Più sprechi che evasione, l’inefficienza della PA costa 200 miliardi

16 Settembre 2019, di Mariangela Tessa

Nel rapporto “dare- avere” tra lo Stato e il contribuente italiano, il soggetto maggiormente leso non è il primo, bensì il secondo. La dimensione economica dell’evasione fiscale presente in Italia (110 miliardi) è infatti poco più della metà dei costi a carico di cittadini e imprese relativi a sprechi, sperperi e inefficienze generate dalla Pubblica amministrazione (almeno 200 miliardi di euro).

È quanto mette in evidenza un’analisi dell’Ufficio studi della CGIA partendo dall’analisi di alcuni dati di contesto e rammentando che uno Stato di diritto si basa, tra le altre cose, sul principio della legalità.

“Sia chiaro, chi evade commette un reato e va perseguito ovunque esso si annidi; tuttavia, la legalità deve essere rispettata da tutti: sia dai soggetti pubblici sia da quelli privati. Il record di infrazioni europee subite dal nostro Paese fino ad oggi, ad esempio, dimostra che le nostre istituzioni pubbliche devono migliorare tantissimo” si legge in una nota, che spiega ” segnaliamo che sebbene in calo, si ricorda che attualmente le procedure di infrazione dell’UE nei confronti del nostro Paese ancora aperte sono 71, suddivise in 64 casi di violazione del diritto dell’Unione e in 7 casi di mancato recepimento delle politiche europee.
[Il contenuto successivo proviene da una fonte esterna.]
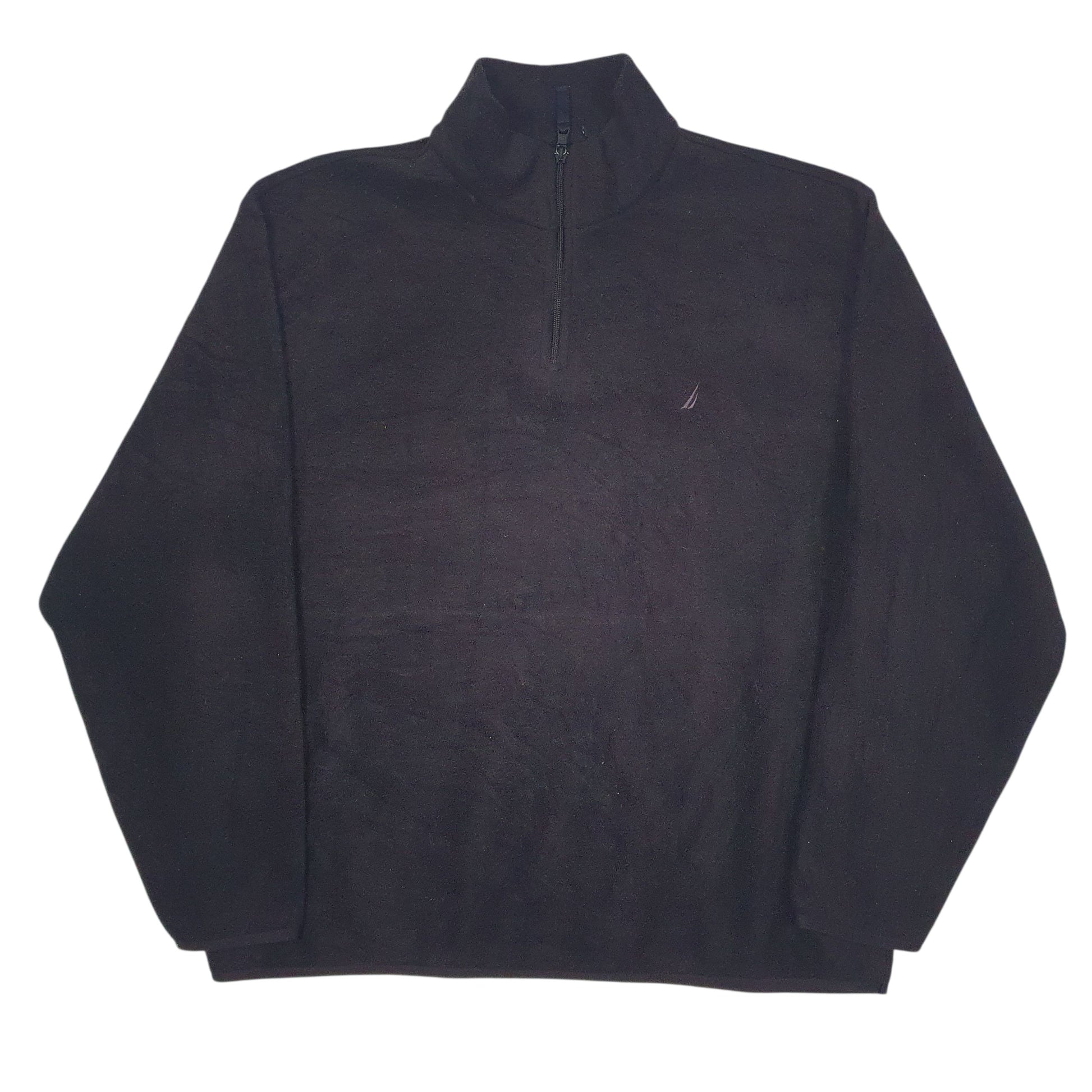 Mens Black Nautica  Quarter Zip Jumper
Tuttavia, se analizziamo quelle avviate dal gennaio 2002 (anno in cui ha cominciato a circolare l’euro) fino ad oggi (maggio 2019), l’Italia ne ha collezionate ben 1.358. Nessun altro Paese in Ue ha subito un numero di contestazioni così elevato.

Tra le procedure in corso nei confronti dell’Italia figurano quelle sulla pessima qualità dell’aria presente in molte città, la presenza dell’arsenico nell’acqua potabile, il mancato rispetto dei tempi di pagamento da parte della nostra Pubblica Amministrazione (PA) e i livelli di inquinamento presenti nell’area dell’ex Ilva di Taranto.

Tornando al rapporto “dare-avere” tra lo Stato e il contribuente italiano, l’ufficio studi della CGIA di Mestre evidenzia che  “mettendo in fila i risultati di alcune analisi condotte da una mezza dozzina di istituzioni molto autorevoli, il danno economico per i contribuenti italiani sarebbe di almeno 200 miliardi di euro all’anno. Si tratta di una dimensione economica quasi doppia a quella dell’evasione.

In sintesi, l’analisi evidenzia che:

  • il costo annuo sostenuto dalle imprese per la gestione dei rapporti con la PA (burocrazia) è pari a 57 miliardi di euro (Fonte: The European House Ambrosetti);
  • i debiti commerciali della PA nei confronti dei propri fornitori ammontano a 53 miliardi di euro (Fonte: Banca d’Italia);
  • il deficit logistico-infrastrutturale penalizza il nostro sistema economico per un importo di 40 miliardi di euro all’anno (Fonte: Ministero delle Infrastrutture e dei Trasporti);
  • se la giustizia civile italiana avesse gli stessi tempi di quella tedesca, il guadagno in termini di Pil sarebbe di 40 miliardi di euro all’anno (Fonte: CER-Eures);
  •  sono 24 i miliardi di euro di spesa pubblica in eccesso che non ci consentono di abbassare la nostra pressione fiscale alla media UE (Fonte: Discussion paper 23 Commissione Europea);
  • gli sprechi e la corruzione presenti nella sanità costano alla collettività 23,5 miliardi di euro ogni anno (Fonte: ISPE);
  • gli sprechi e le inefficienze presenti nel settore del trasporto pubblico locale ammontano a 12,5 miliardi di euro all’anno (Fonte: The European House Ambrosetti-Ferrovie dello Stato).